## AIM OF THE TASK
Locate the line that contains "Milan star Rafael". Reproduce it and all following lines up to the end of the material, exactly and with nothing added.

★ ★ ★ ★ ★

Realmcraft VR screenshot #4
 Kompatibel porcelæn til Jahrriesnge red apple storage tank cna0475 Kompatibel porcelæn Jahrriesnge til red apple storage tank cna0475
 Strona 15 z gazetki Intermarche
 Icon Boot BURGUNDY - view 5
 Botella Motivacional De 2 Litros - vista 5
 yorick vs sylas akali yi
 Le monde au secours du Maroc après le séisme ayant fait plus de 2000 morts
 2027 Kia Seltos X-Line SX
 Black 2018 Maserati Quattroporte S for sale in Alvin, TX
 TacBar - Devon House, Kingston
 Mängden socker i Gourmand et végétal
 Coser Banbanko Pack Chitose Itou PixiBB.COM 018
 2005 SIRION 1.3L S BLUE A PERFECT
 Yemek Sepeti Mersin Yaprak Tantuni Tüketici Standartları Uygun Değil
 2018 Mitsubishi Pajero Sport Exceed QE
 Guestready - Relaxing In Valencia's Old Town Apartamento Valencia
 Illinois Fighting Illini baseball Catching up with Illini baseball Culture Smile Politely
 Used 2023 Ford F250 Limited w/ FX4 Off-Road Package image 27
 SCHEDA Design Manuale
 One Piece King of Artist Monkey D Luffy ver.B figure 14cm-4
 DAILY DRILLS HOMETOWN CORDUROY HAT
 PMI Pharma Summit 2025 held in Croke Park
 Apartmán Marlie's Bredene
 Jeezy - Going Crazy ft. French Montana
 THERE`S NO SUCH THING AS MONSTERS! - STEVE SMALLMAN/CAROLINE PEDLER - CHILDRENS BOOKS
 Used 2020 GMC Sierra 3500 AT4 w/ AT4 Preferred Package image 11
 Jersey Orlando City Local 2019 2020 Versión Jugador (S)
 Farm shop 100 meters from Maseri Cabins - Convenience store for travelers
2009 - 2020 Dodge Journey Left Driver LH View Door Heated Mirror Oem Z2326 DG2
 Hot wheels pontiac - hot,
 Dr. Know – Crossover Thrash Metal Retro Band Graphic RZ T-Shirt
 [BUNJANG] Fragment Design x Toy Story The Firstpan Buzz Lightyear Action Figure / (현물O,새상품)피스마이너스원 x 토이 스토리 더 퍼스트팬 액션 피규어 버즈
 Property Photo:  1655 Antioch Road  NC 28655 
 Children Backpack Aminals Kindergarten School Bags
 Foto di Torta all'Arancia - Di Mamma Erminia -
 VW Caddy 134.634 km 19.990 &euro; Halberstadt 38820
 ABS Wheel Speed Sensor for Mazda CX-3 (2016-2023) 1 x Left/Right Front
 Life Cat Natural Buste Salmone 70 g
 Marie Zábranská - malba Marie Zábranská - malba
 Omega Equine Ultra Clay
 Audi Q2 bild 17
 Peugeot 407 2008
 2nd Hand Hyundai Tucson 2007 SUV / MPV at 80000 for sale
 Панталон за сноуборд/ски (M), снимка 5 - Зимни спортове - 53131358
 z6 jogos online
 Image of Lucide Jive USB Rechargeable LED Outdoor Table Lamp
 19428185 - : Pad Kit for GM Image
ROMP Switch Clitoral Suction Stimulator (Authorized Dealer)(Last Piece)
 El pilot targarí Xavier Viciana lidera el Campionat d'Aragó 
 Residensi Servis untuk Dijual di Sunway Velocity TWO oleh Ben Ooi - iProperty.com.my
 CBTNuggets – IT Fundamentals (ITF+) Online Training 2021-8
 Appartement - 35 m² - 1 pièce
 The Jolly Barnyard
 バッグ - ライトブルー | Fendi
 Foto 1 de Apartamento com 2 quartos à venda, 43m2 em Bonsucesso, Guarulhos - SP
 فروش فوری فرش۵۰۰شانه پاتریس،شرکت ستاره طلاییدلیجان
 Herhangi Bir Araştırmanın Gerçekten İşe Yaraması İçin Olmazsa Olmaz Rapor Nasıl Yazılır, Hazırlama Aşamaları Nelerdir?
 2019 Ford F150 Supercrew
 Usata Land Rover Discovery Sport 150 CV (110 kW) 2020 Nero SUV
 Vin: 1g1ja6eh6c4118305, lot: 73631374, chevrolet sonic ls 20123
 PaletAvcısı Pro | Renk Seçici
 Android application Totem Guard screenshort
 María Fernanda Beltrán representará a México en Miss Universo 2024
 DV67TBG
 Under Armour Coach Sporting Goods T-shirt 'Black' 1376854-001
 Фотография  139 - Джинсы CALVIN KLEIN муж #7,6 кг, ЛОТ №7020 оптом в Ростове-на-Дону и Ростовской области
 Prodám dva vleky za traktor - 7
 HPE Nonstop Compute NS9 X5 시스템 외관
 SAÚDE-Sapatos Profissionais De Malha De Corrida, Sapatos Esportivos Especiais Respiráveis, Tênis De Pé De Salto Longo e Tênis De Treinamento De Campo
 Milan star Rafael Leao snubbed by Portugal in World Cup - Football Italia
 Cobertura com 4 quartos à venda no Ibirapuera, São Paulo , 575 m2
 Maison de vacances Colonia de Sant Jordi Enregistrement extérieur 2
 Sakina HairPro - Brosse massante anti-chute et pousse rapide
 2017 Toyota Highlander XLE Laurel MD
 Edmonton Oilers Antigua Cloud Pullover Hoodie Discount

★ ★ ★ ★ ★

## TASK RESULT
 Milan star Rafael Leao snubbed by Portugal in World Cup - Football Italia
 Cobertura com 4 quartos à venda no Ibirapuera, São Paulo , 575 m2
 Maison de vacances Colonia de Sant Jordi Enregistrement extérieur 2
 Sakina HairPro - Brosse massante anti-chute et pousse rapide
 2017 Toyota Highlander XLE Laurel MD
 Edmonton Oilers Antigua Cloud Pullover Hoodie Discount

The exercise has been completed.